The Comanches took ["stole"] much of the southern plains from other tribes and attacked "immigrants," often abducting captives and subjecting them to torture and gang rape. One of their 'favorite' methods of execution was binding a naked man's hands and feet with stakes over a large ant bed, usually having cut off his eyelids.

Hate and evil are part of "heritage." Are you consistent about which symbols you want stashed away, TW?

While for the American Indians "Old Glory" is a symbol of hate and evil. so do we also remove that flag from flying everywhere? Of course the Flag of the nations of Spain, France and the Britain are also offensive and represent evil to those native tribes so do we need to ban them also? Might as well begin the roll of everything that offends someone. Of course we know ultimately Churches will be told not to fly the Christian flag or put up cross because some find offense in them. Some have already requested all crosses be removed from national Cemeteries.
 

revmwc

Well-Known Member
It represents the battle that the South fought for the rights of the states to govern themselves in specific matters. The Civil war was more about states rights than anything else and that is the heritage of that flag.

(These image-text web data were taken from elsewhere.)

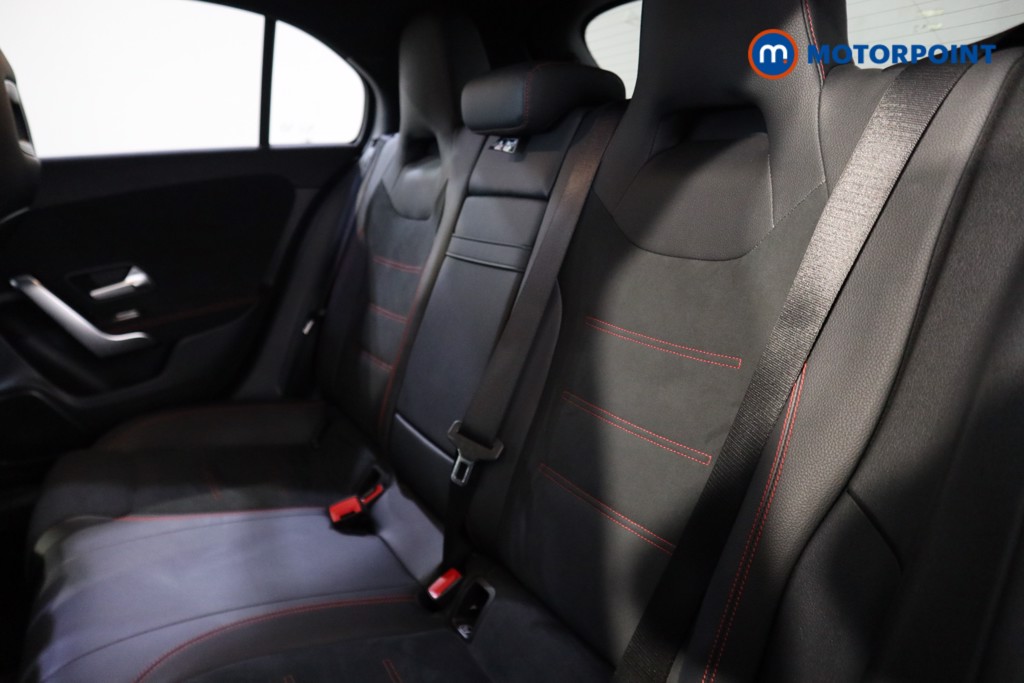 Mercedes-Benz A Class Amg Line Automatic Petrol Hatchback - Stock Number (1577446) - 13th supplementary image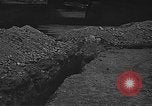 Standbild Defensive Training Pearl Harbor Hawaii USA, 1941, aus Sekunde 3 historischem Filmmaterial Videoclip 65675061835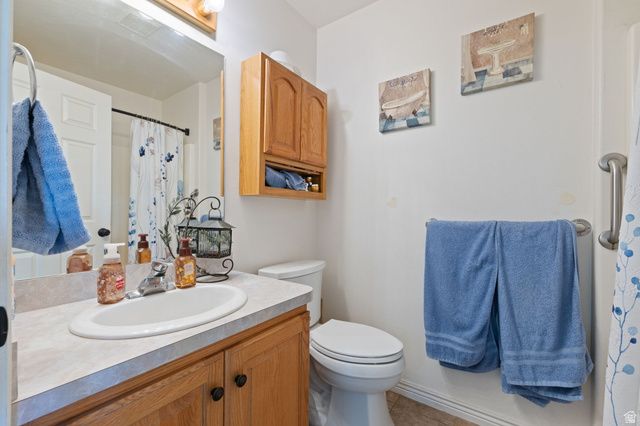 1353 S 360 W, Payson, UT 84651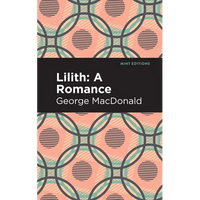Lilith: A Romance - Paperback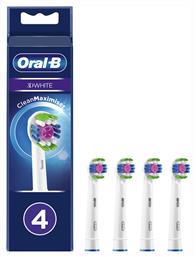 Oral-B 3D White CleanMaximiser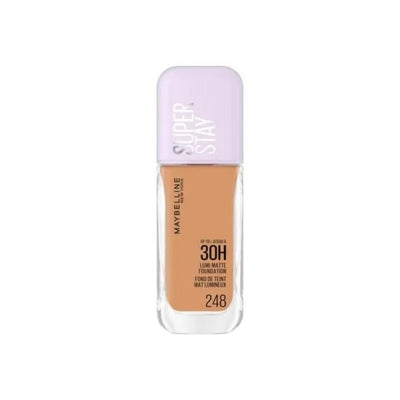 Superstay 30H Lumi Matte Foundation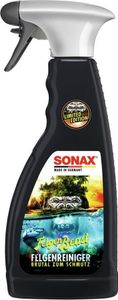 SONAX Felgenreiniger "FelgenBeast" Für a 500 ml Sprühflasche (Sonderedition 2023)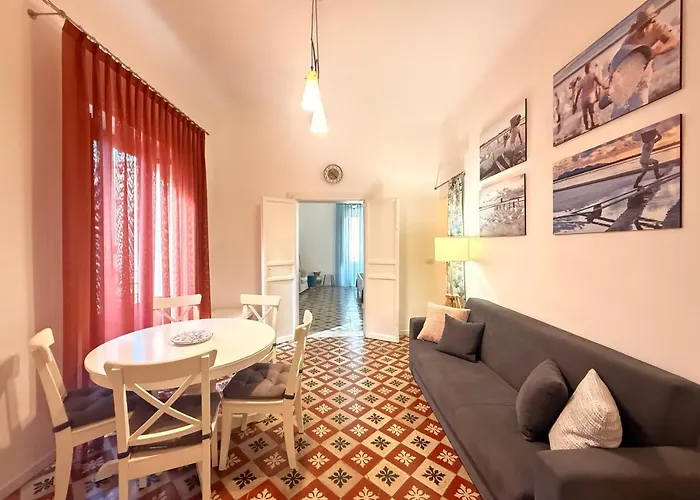 Sole Apartment *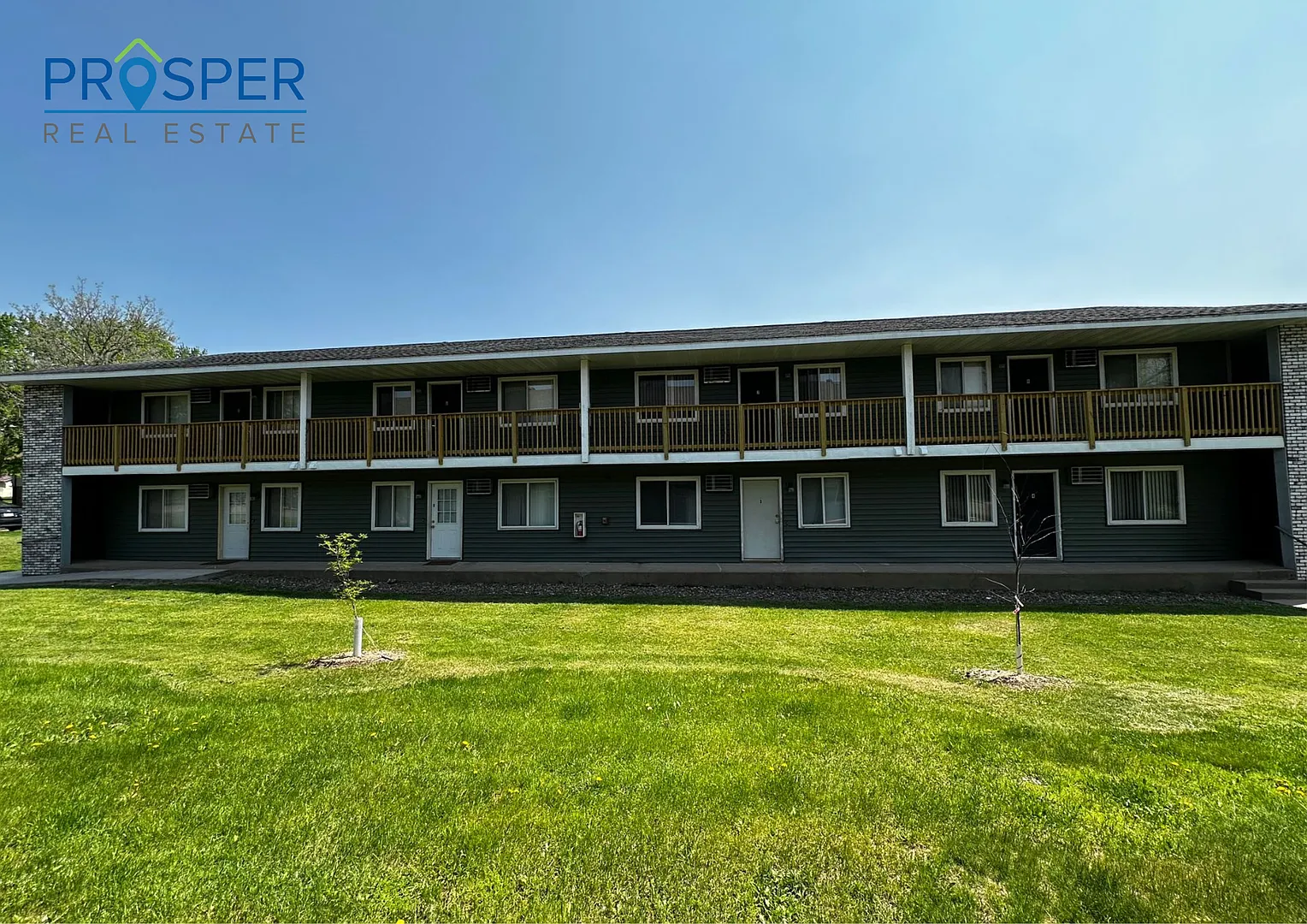 Smart Renting: All-Inclusive Living + Pet Welcome in Chippewa Falls! — Photo 1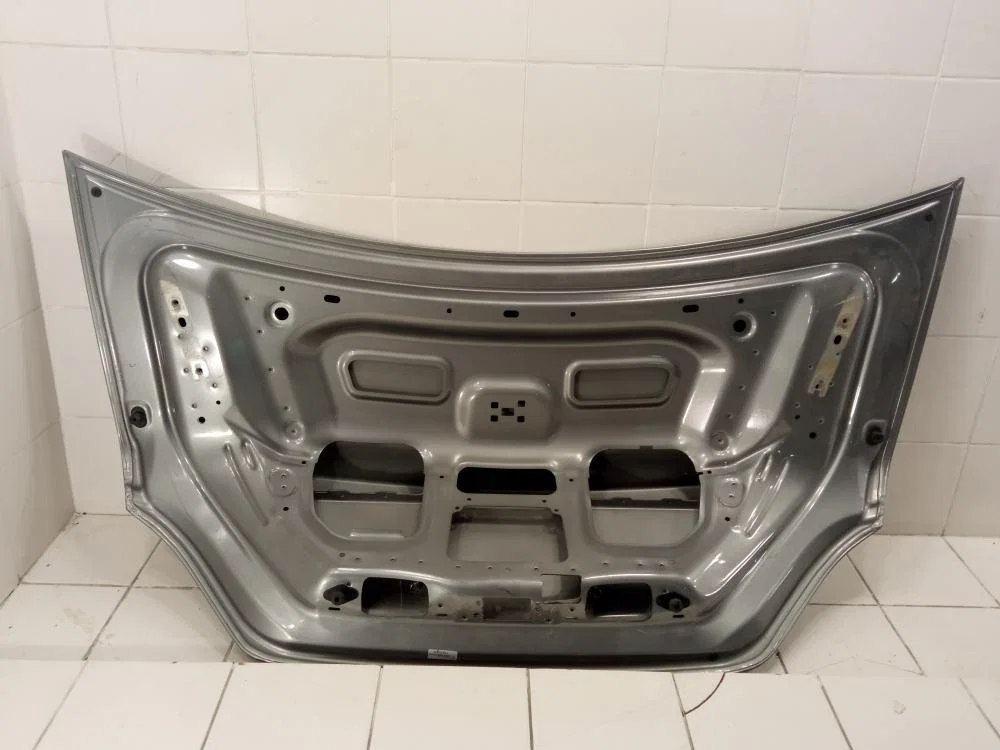 Крышка багажника Mercedes-Benz CLS-класс C218/X218 (2010—2014) - миниатюра 2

http://www.civilwar.org/education/history/civil-war-overview/overview.html



Did the southern States have a right to secede? Did the Federal Government have the right to keep territories from having slaves. The freedom of the Southern states slaves was not in question. Abolition was not part of the concerns of the southern states.

The Civil war was fought over the powers of the Federal government and it caused the deaths of thousands.

The battle flag of freedom represents the fight for the rights of the States and new territories to govern themselves on many issues. The Federal Government till that time had little authority.

Here is another excerpt of that battle still raging,

https://en.wikipedia.org/wiki/Federal_government_of_the_United_States


Here is a Quote which shows the flag is heritage not racist or hate,

“The North was mad and blind; it would not let us govern ourselves, and so the war came, and now it must go on till the last man of this generation falls in his tracks, and his children seize the musket and fight our battle, unless you acknowledge our right to self-government. We are not fighting for slavery. We are fighting for Independence, and that, or extermination.”
President Jefferson Davis, C.S.A.
 

Crabtownboy

Well-Known Member
Site Supporter
Umm...Southern armies did fly it, so, yeah, it is about heritage.

It was the battle flag of the Army of Northern Virginia.

Doubting, why don't you fly a British flag? That is part of your heritage also. After all Georgia began as a British penal colony.

 
Last edited by a moderator:

Zaac

Well-Known Member
It was the battle flag of the Army of Northern Virginia.

Doubting, why don't you fly a British flag? That is part of your heritage also. After all Georgia began as a British penal colony.


Now that would be offensive CTB. The British tried to subject his ancestors. He couldn't dare fly that flag.
 

Revmitchell

Well-Known Member
Site Supporter
It was the battle flag of the Army of Northern Virginia.

Doubting, why don't you fly a British flag? That is part of your heritage also. After all Georgia began as a British penal colony.


Why do you not call for the taking down of the pyramids?
 

Crabtownboy

Well-Known Member
Site Supporter
Why do you not call for the taking down of the pyramids?

Why don't you begin to be honest and stop attempting to derail threads when you are shown to be wrong again, and again, and again?

I've never heard anyone say the pyramids are offensive. They are not to me.